◆ Exercise requirements: Nothing belongs in the answer except the lines of the material that include "https".

◆ Task material:
# # #

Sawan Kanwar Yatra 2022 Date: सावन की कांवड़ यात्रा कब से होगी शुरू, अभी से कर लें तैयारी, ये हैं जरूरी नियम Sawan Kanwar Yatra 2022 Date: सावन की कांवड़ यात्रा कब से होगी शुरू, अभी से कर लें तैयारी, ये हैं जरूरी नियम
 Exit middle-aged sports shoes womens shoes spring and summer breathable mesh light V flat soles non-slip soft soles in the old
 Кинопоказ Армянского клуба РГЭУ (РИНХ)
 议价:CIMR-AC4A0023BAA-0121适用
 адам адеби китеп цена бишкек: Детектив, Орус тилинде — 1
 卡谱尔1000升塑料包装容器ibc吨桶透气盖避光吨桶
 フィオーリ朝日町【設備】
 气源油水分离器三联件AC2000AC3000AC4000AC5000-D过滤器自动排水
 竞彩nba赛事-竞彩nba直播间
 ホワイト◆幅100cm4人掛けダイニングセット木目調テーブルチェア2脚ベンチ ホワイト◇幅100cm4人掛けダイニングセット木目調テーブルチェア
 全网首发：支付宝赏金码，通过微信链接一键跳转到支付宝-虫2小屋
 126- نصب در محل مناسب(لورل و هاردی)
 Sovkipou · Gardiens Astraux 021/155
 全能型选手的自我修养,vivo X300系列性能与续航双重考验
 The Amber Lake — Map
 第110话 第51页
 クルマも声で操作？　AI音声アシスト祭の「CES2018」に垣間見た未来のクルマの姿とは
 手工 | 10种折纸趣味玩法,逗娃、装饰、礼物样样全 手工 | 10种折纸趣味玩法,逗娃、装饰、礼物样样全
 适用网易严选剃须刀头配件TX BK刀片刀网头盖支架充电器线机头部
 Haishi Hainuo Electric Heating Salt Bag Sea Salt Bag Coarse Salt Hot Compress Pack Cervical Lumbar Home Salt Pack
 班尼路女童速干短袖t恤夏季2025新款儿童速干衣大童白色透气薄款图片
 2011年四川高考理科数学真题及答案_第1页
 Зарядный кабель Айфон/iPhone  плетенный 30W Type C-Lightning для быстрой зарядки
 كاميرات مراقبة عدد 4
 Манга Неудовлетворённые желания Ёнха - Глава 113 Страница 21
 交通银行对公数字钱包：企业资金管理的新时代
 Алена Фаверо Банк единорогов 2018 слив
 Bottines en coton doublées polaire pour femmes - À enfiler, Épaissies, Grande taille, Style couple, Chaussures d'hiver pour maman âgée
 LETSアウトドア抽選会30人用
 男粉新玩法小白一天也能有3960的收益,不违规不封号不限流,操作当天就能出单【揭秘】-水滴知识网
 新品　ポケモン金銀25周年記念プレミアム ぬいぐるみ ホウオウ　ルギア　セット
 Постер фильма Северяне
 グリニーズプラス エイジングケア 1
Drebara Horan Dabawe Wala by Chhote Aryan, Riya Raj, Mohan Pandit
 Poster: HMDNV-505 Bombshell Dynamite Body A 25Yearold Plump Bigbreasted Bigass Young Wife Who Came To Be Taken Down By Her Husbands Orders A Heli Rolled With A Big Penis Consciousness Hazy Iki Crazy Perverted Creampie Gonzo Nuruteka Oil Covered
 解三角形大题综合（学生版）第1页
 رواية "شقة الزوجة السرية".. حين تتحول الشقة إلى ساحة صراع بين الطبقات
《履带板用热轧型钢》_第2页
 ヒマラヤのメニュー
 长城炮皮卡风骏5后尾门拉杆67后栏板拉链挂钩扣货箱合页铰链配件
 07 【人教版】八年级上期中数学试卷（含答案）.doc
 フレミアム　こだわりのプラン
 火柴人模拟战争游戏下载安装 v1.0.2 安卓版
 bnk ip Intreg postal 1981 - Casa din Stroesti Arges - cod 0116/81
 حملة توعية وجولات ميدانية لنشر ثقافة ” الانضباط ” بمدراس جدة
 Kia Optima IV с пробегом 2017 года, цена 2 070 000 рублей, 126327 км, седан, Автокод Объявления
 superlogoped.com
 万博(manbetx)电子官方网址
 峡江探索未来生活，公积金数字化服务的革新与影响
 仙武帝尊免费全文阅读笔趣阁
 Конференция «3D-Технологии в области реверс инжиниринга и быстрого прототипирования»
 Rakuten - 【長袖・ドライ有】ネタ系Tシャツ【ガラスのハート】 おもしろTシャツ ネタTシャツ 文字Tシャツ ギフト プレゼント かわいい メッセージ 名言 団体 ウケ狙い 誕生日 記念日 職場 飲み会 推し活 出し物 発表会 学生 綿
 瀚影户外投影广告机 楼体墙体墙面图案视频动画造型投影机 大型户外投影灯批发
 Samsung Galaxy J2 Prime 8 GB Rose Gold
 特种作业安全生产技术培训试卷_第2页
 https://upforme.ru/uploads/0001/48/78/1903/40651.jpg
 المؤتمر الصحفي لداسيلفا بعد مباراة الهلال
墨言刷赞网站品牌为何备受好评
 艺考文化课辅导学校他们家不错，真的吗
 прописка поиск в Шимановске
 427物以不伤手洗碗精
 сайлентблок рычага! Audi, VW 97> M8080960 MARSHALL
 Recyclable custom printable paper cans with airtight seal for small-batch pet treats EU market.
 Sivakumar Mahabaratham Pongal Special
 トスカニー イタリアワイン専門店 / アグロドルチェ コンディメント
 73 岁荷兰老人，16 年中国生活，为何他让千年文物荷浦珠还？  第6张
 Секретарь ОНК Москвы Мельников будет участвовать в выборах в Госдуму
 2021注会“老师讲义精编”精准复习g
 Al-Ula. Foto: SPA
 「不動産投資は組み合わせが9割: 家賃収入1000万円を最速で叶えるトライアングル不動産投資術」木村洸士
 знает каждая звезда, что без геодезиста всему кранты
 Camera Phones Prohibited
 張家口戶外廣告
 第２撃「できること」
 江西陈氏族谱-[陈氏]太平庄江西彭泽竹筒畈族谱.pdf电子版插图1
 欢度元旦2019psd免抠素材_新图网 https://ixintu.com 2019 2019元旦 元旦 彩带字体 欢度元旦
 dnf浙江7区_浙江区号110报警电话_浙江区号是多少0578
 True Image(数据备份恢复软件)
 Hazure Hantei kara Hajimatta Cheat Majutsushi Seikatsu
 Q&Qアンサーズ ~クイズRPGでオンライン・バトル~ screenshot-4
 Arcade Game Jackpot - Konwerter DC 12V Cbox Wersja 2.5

# # #

◆ Your response:
 https://upforme.ru/uploads/0001/48/78/1903/40651.jpg
 欢度元旦2019psd免抠素材_新图网 https://ixintu.com 2019 2019元旦 元旦 彩带字体 欢度元旦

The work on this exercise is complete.